BEGIN
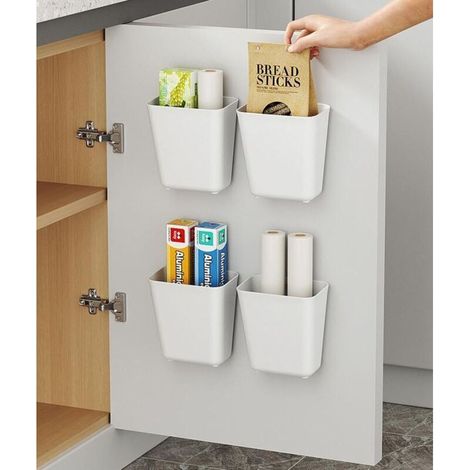 Aufbewahrungsbox für Küchenschrankteile, selbstklebende Wandaufbewahrungsbox, Aufbewahrungsbox für Schränke/Badezimmer/Kühlschränke zur Aufbewahrung von diversen Gegenständen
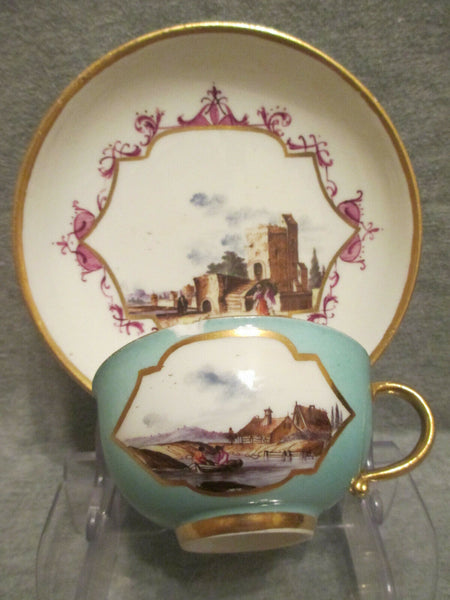 Meissener Porzellan Kauffahrtei Teetasse und Untertasse. 1730 (Nr. 7)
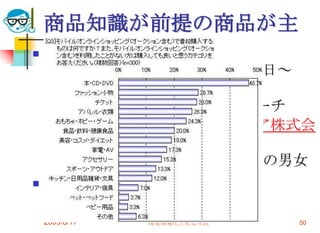 商品知識が前提の商品が主
   サンプル数      ：300
    調査期間       ：2007年07月13日～
    2007年07月16日
    調査方法       ：モバイルリサーチ
    調査機関       ：ネットエイジア株式会
    社
    対象者        ：18歳から49歳の男女




    2009/6/17   高度情報化と社会生活   50
 
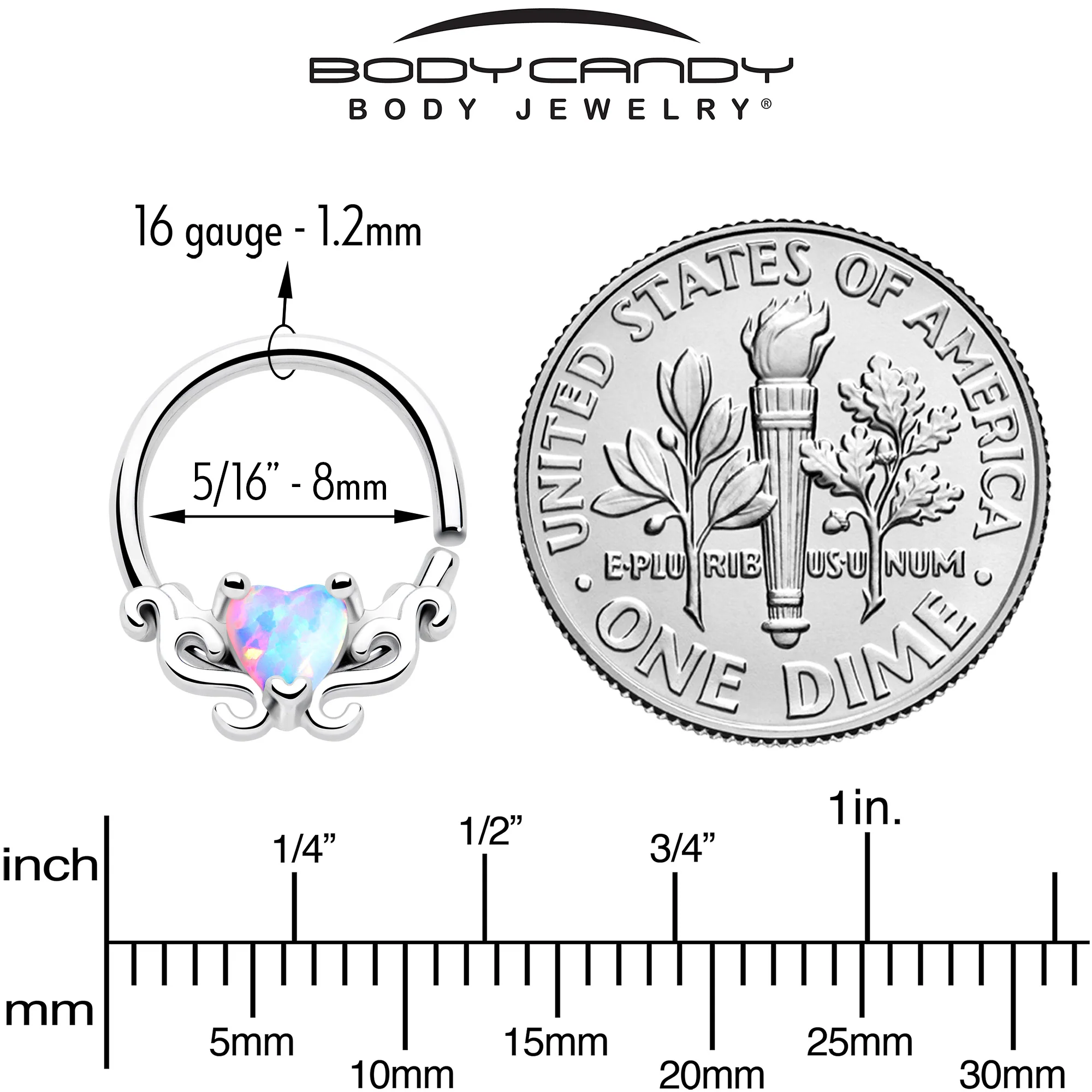 16G 5/16 White Synthetic Opal Bold Heart Seamless Circular Ring - Image 5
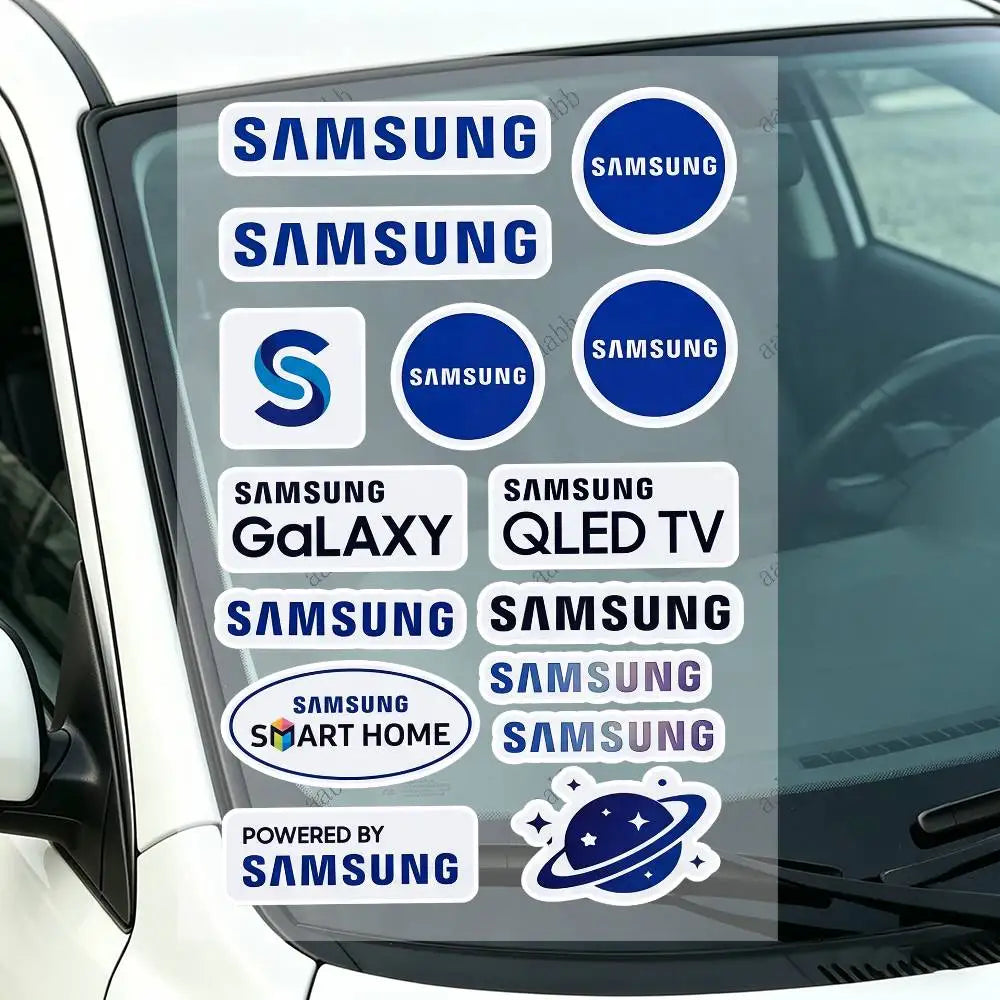 autocollants réfléchissants sécurité moto bleu blanc noir logos samsung modernes minimalistes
END
The answer should consist only of the lines from the line with "Meissener Porzellan Kauffahrtei" through the last line of the data, repeated exactly; pictures stay out.

OUTPUT FOR THIS TASK
 Meissener Porzellan Kauffahrtei Teetasse und Untertasse. 1730 (Nr. 7)
 商品知識が前提の商品が主
   サンプル数      ：300
    調査期間       ：2007年07月13日～
    2007年07月16日
    調査方法       ：モバイルリサーチ
    調査機関       ：ネットエイジア株式会
    社
    対象者        ：18歳から49歳の男女




    2009/6/17   高度情報化と社会生活   50
 
 16G 5/16 White Synthetic Opal Bold Heart Seamless Circular Ring - Image 5
 autocollants réfléchissants sécurité moto bleu blanc noir logos samsung modernes minimalistes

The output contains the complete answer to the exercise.